Coppola develops a variety of visual motifs, but I must admit I still haven’t figured out some of them. For instance, the movie is full of reflected images, of people and things seen in mirrors, glass, any number of shiny surfaces. But this never culminates, is never brought into any sort of thematic focus. At other times, Harry is often shown behind some semitransparent “veil”—a shower curtain, a sheet of plastic in his workshop. Again, this doesn’t seem to mean anything specific, but the motif is carried to some kind of conclusion in the murder scene where Harry sees only a bloody hand on the other side of a frosted-glass partition and surmises that the woman whose conversation he has recorded is being murdered by her jealous husband. Well, OK, so it all has something to do with the uncertainty Harry experiences as he sinks deeper and deeper into the muddle, something which began as just a job, but which his conscience has forced him to turn into a personal crisis. Still, the connection is vague and tenuous, and as a result the motif has no real impact. Too many of Coppola’s visual signals simply fail to signify anything. They give the impression of significance, but finally they don’t take us anywhere.

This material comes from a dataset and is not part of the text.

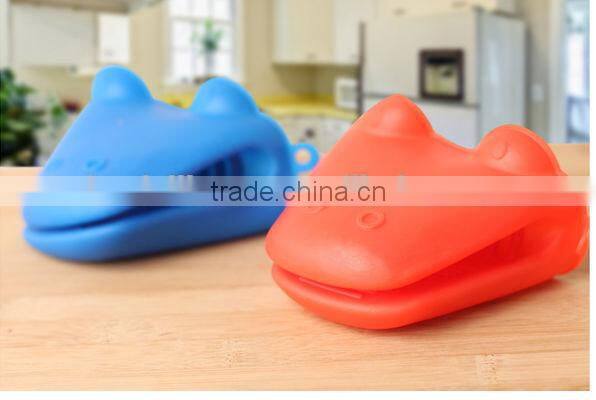 Kitchen silicone glove for oven cooking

In general, Coppola seems uncertain of just what it is he wants his movie to do of what its tone should be. The actual conversation fades or grows in significance as the movie zeroes temporarily in on one of its many focal points: Harry’s character and the problems he faces reconciling his conscience and his job, the gradually revealed murder plot, the social implications of a world where surveillance devices are sold like motorboats or new-model cars. Thus, it was probably as much the director’s fault as anyone’s that most of the audience (at least the audience I saw the movie with) laughed during the final scene in which Harry, now under surveillance himself because he knows too much, tears up his apartment in a frenzied search for the bugging device. Because of the lack of any clearly established overall tone, this scene does not quite come off; it simply can’t hold its own weight and hence appears either as a kind of perverse, melancholy slapstick (hence the laughter), or as something altogether too heavy. In either case it lacks effectiveness. The pointed heaviness detracts rather than adds to the psychologically unsettling effects of the movie as a whole. It is too blatant to be really frightening.
THE CONVERSATION
Screenplay and Direction: Francis Ford Coppola. Cinematography: Bill Butler. Production: Coppola.
The Players: Gene Hackman, John Cazale, Allen Garfield, Cindy Williams, Frederic Forrest, Robert Duvall.